VoiceLive Architecture Clarification
Architecture Overview
The VoiceLive WebSocket proxy architecture works as follows:
┌─────────────────┐ WebSocket ┌──────────────────┐ VoiceLive SDK ┌─────────────────────┐
│ Browser │ ◀────────────────────────▶│ Backend │ ◀──────────────────────────▶│ Azure VoiceLive │
│ (SWA Frontend) │ wss://backend/voicelive/ │ (Container App) │ Direct Connection │ (gpt-realtime) │
│ │ │ │ │ │
│ VoiceChat.tsx │ │ voice.py │ │ Cognitive Services │
└─────────────────┘ └──────────────────┘ └─────────────────────┘
│ │ │
│ Audio chunks │ │
│ Transcripts │ Audio + Events │
│ │ │
│ │ (Automatic Memory Persistence) │
│ ▼ │
│ ┌──────────────────┐ │
└────────────────────────────────────────▶│ Zep Memory │ │
│ (Episodic) │ │
└──────────────────┘ │
Key Points
1. SWA is the Frontend (Browser)
The Static Web App (SWA) is the frontend code that runs in the user’s browser:
- Location:
https://engram.work(deployed to Azure Static Web Apps) - Code: React/TypeScript application (
frontend/directory) - Component:
VoiceChat.tsxhandles voice interaction - Connection: Browser connects to backend via WebSocket
2. Backend is the Proxy
The Backend (Container App) acts as a WebSocket proxy:
- Location:
staging-env-api.gentleriver-dd0de193.eastus2.azurecontainerapps.io - Endpoint:
/api/v1/voice/voicelive/{session_id} - Function:
- Receives WebSocket connection from browser
- Connects to Azure VoiceLive using SDK
- Proxies audio and events between browser and Azure
- Automatically persists transcripts to Zep memory
3. Flow Direction
Audio Flow:
- User speaks → Browser captures audio (microphone)

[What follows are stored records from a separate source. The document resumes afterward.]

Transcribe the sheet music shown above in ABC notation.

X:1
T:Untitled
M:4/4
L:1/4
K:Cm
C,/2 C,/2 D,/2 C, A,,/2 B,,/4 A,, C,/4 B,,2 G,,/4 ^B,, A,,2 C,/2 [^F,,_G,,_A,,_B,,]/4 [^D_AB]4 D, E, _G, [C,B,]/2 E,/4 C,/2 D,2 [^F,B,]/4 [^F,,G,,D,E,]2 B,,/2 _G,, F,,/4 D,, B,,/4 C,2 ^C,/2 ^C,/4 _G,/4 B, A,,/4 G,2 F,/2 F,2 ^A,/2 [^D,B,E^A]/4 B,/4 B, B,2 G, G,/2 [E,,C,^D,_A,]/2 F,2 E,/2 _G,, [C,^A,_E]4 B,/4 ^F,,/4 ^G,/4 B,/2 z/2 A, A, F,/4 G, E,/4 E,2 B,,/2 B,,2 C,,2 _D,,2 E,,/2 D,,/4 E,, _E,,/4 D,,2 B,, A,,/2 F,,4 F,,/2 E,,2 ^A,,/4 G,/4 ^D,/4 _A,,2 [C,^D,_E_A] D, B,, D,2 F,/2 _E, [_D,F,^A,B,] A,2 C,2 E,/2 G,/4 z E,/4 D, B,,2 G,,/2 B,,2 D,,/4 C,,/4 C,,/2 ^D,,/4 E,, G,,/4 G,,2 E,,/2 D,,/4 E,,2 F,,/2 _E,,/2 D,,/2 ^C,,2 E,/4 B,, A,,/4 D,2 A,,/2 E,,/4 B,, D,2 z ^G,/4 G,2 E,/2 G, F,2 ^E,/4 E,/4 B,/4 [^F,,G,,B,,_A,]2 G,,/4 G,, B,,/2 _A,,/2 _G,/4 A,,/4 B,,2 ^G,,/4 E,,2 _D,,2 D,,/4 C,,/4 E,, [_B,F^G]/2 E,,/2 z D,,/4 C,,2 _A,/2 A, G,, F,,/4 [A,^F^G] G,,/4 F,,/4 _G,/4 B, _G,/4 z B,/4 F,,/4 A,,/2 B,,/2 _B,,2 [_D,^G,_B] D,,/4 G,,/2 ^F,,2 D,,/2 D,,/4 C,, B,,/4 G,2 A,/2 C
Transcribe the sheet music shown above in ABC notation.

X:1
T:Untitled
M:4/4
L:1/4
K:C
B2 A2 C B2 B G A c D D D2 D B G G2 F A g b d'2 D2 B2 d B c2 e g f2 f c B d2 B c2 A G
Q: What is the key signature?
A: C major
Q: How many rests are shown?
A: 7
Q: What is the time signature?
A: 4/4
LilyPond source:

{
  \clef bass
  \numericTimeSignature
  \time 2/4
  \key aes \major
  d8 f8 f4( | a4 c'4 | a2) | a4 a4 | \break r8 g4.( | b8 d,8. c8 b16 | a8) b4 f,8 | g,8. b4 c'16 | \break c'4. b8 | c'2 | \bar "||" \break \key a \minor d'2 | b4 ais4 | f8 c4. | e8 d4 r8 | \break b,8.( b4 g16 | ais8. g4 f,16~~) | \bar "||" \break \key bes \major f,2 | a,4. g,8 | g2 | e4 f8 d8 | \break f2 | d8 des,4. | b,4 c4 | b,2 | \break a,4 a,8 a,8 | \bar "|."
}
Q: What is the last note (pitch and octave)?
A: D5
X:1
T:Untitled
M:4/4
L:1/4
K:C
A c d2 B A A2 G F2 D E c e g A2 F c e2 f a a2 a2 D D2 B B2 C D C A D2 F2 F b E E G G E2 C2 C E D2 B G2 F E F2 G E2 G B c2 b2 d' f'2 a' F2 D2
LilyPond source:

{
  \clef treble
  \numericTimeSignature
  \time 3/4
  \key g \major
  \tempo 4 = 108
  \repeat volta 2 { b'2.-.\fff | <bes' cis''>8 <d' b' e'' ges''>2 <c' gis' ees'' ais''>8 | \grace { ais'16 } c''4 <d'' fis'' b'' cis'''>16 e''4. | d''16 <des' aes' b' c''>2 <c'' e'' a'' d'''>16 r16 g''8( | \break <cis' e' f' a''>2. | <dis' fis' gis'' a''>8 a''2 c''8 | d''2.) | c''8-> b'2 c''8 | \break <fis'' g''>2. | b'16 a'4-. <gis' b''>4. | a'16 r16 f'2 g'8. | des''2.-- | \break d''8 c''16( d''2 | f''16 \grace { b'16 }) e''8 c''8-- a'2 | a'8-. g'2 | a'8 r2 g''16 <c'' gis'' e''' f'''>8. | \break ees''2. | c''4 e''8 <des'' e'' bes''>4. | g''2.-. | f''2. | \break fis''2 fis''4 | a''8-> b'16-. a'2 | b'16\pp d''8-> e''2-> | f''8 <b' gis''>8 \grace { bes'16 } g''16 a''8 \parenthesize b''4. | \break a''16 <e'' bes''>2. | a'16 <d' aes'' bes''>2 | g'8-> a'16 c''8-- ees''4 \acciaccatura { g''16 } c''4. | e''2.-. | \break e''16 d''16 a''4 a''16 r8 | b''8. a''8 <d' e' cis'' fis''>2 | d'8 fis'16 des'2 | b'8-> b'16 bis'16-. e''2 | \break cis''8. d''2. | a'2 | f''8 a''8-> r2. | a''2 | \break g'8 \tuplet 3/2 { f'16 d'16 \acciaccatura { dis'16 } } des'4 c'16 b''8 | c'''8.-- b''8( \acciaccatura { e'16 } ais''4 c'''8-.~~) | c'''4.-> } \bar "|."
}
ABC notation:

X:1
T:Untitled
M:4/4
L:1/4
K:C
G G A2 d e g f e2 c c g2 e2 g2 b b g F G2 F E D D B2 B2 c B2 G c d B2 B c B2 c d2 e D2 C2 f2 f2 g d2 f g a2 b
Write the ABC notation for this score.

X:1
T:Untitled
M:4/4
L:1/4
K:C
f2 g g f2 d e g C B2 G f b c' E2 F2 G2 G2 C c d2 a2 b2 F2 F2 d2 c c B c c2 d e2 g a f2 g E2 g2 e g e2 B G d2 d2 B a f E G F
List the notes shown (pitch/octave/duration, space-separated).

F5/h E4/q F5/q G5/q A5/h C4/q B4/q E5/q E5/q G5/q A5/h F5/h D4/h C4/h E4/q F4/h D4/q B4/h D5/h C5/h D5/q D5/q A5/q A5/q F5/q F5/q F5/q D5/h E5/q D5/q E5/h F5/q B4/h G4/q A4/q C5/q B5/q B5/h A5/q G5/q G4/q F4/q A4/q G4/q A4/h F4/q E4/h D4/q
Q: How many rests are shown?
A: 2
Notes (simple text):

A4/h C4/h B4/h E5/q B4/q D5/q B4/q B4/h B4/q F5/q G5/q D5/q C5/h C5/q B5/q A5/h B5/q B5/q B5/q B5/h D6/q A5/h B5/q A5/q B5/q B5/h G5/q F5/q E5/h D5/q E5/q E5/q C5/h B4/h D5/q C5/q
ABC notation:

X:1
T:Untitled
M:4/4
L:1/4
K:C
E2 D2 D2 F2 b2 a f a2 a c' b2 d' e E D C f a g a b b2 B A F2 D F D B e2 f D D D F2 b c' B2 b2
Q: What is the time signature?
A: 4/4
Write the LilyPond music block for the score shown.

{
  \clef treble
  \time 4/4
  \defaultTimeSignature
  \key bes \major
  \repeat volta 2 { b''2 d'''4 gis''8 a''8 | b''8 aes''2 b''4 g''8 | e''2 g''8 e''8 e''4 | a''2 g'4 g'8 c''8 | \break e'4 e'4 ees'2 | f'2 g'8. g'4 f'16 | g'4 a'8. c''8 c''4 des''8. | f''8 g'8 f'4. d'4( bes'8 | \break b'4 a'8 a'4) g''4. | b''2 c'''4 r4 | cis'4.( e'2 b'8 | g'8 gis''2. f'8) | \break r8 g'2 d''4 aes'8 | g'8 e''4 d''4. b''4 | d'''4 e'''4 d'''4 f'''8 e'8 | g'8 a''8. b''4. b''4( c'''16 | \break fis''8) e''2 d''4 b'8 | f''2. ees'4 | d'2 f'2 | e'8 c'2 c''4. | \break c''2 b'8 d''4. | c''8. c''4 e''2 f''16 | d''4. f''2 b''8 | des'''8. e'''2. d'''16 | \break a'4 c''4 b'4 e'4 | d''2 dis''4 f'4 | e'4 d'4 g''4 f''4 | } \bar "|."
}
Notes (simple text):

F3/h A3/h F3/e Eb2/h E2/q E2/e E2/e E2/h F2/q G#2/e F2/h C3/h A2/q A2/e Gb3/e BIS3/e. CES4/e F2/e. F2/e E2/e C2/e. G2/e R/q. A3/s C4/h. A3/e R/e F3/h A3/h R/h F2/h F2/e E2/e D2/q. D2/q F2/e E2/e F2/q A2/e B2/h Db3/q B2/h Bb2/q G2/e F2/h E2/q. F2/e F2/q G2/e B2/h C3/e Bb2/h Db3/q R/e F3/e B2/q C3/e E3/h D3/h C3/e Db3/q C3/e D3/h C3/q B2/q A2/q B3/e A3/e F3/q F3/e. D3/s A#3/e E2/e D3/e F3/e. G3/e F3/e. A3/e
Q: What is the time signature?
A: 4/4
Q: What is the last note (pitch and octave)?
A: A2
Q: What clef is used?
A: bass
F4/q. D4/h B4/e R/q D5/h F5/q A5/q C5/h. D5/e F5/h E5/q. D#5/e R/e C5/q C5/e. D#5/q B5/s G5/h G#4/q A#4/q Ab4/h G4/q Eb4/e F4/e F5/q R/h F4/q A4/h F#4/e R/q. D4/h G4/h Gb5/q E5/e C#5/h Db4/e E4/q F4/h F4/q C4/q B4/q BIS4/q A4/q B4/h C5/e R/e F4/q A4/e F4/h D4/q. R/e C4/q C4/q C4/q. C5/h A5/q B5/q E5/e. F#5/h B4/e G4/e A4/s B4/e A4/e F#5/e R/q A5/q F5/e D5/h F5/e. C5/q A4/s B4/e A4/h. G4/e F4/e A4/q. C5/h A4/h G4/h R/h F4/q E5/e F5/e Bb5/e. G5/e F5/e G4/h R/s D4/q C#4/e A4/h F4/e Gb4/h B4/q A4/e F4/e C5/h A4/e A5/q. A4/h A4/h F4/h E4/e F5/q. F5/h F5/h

- Browser → Sends audio chunks to Backend via WebSocket
- Backend → Forwards audio to Azure VoiceLive
- Azure VoiceLive → Processes audio, generates response
- Azure VoiceLive → Sends audio + transcripts back to Backend
- Backend → Forwards audio + transcripts to Browser
- Browser → Plays audio and displays transcripts
Memory Flow:
- Backend → Extracts transcripts from VoiceLive events
- Backend → Stores transcripts in EnterpriseContext
- Backend → Persists to Zep Memory (async, non-blocking)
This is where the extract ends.